Hell is easier for me to conceptualize. When I’m in pain, it’s all I can focus on. It’s very hard for me to step outside that pain and think “Next week I will feel better.” This is especially true of the “positive and active anguish” (to borrow William James’s term) of depression. Aaron Beck’s cognitive triad of depression says, in part, that when we’re depressed we feel like the future is hopeless and the bad times will last forever. Maybe the concept of the eternal suffering of hell resonates with people because we already have experience imaging that our suffering will go on forever1. I wonder if some of the theologians who helped shape our modern concept of hell struggled with depression.
On the other hand, happiness, pleasure, and joy all feel more fragile to me.

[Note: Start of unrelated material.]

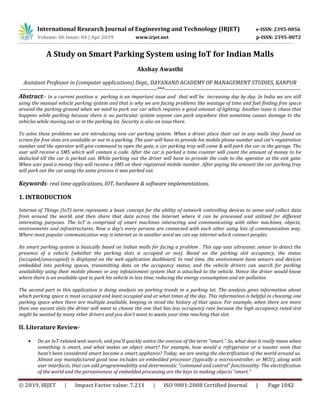 IRJET- A Study on Smart Parking System using IOT for Indian Malls | PDF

I recently read Martyr! by Kaveh Akbar and this quote captures the notion very well:
Often in my life, in the throes of despair, of my husband’s abuse, I have
held the certainty of the damned, that sense of “everything is going to be
just this, this misery forever, till I die.” An irrepressible inescapable horror
stretching out infinitely in every direction. Tragic, that only terror feels that
way. That even in Roya’s and my impossibly good moments, I instinctively
knew to hold them, to store them inside myself like pockets of fat for the
lean seasons ahead.
Maybe we can reach into a moment of supreme contentment, seize it, and imagine stretching that moment into infinity. But something about my lived experience keeps such an image from resonating very much. Instead, I think it’s a different kind of imagination that gives the idea of heaven its power.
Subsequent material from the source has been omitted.